Living in a sinking city

Moving to high ground

February 9, 2017

From population and sea levels to global instability and nuclear warfare, facets of our world are growing. Many cities, however, are focused on what is vanishing — their coasts. This ticking clock could be just as fatal as the drop of a bomb. Our danger is water.

The New Orleans and Tulane communities might be looking for a new home, as Louisiana loses land at the rate of a football field every 45 minutes. The 2017 Master Plan states that more than 1,800 square miles of coast have been lost in the past 80 years due to both natural and man-made causes “including climate change, sea-level rise, subsidence, hurricanes, storm surges, flooding, disconnecting the Mississippi River from coastal marshes, and human impacts.”

Louisiana’s Coastal Protection and Restoration Authority released the Coastal Master Plan in 2007 as a guide for mitigating coastal land loss, as scientists have no way of halting the loss of Louisiana’s coastline. It aims to revise the plan every 5 years.

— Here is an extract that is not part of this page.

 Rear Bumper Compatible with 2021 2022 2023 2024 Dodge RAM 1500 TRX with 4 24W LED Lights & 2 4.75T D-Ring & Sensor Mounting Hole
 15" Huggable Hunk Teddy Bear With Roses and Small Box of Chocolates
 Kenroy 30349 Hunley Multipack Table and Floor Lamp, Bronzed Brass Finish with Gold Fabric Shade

The 2017 Master Plan is the third edition and is open to public comment until March 26. The finalized plan will then be introduced in the Louisiana state legislature in the 2017 legislative session. The new plan focuses on many projects that will rebuild wetlands and land, replace sediment, update levee systems across the state and focus on elevating the threatened communities.

“I think the message [of the 2017 Master Plan] … is significantly more severe than any of us thought even five or 10 years ago,” King Milling, chairman of the Governor’s Advisory Commission on Coastal Protection, Restoration and Conservation, said in an interview with The Times-Picayune in October.

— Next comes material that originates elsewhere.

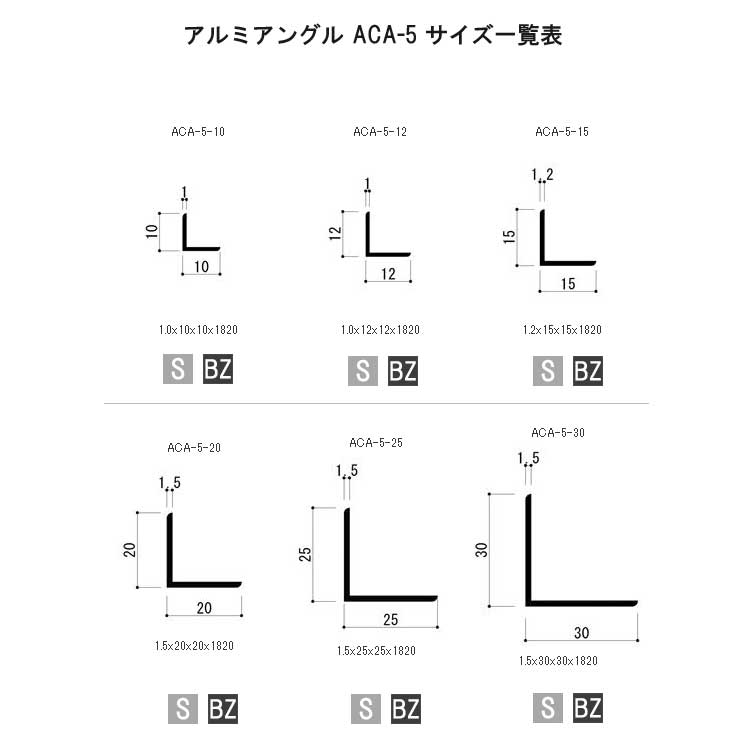 オンラインショップ e-金物 - ACA-5 アルミアングル（アルミアングル）｜Yahoo!ショッピング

Even if the plan is executed, Louisiana still stands to lose 28,000 square miles of coast within the next 40 years, and the 27,000 buildings on that land will have to be flood-proofed, elevated or relocated. The alternative is the loss of Louisiana’s “boot,” the bottom third of the state. 

Cam Lutz | Staff Artist

There are, however, many people working to turn back the clock and keep Louisiana on the map.

Robert Moreau, an adjunct professor in the Tulane A.B. Freeman School of Business, is one of those people. Moreau spends his days working at the Turtle Cove Environmental Research Station, which focuses on wetland education and research.  He uses his nights to teach about sustainability and its relationship to the economy, including how Louisiana’s coast affects local businesses.

“We’ll never reclaim all of our lost wetlands, nor will we stop coastal wetland loss or sea level rise, but we can do things that can help us live more sustainably along the coast for a longer time — more so than if we do nothing,” Moreau said.

For Brian O’Malley, assistant vice president of capital projects federal and grant funded services, every second counts. He is always on the move between campuses and projects, from Howard-Tilton Memorial Library to the closing Mississippi Coast campus.

O’Malley works mainly on retrofitting existing buildings with money granted to Tulane by the Federal Emergency Management Agency following Hurricane Katrina. He works specifically on mitigation efforts, which are ways to reduce risk and possible damage, such as elevating buildings to prevent flooding. O’Malley said elevation in design and sustainability is a top priority when developing a new building or updating old ones.

“Twenty or 30 years ago, when we designed a building we looked at putting the mechanical and electrical in the basement like we did [in Howard-Tilton] — not a terribly good idea,” O’Malley said.

O’Malley said that Tulane is looking towards the future, but there are not current plans to retrofit or elevate on a campus-wide level, aside from buildings affected by Hurricane Katrina, including Howard-Tilton and McAlister Auditorium. Tulane has limited space to relocate students, classrooms and offices for such a large-scale process. 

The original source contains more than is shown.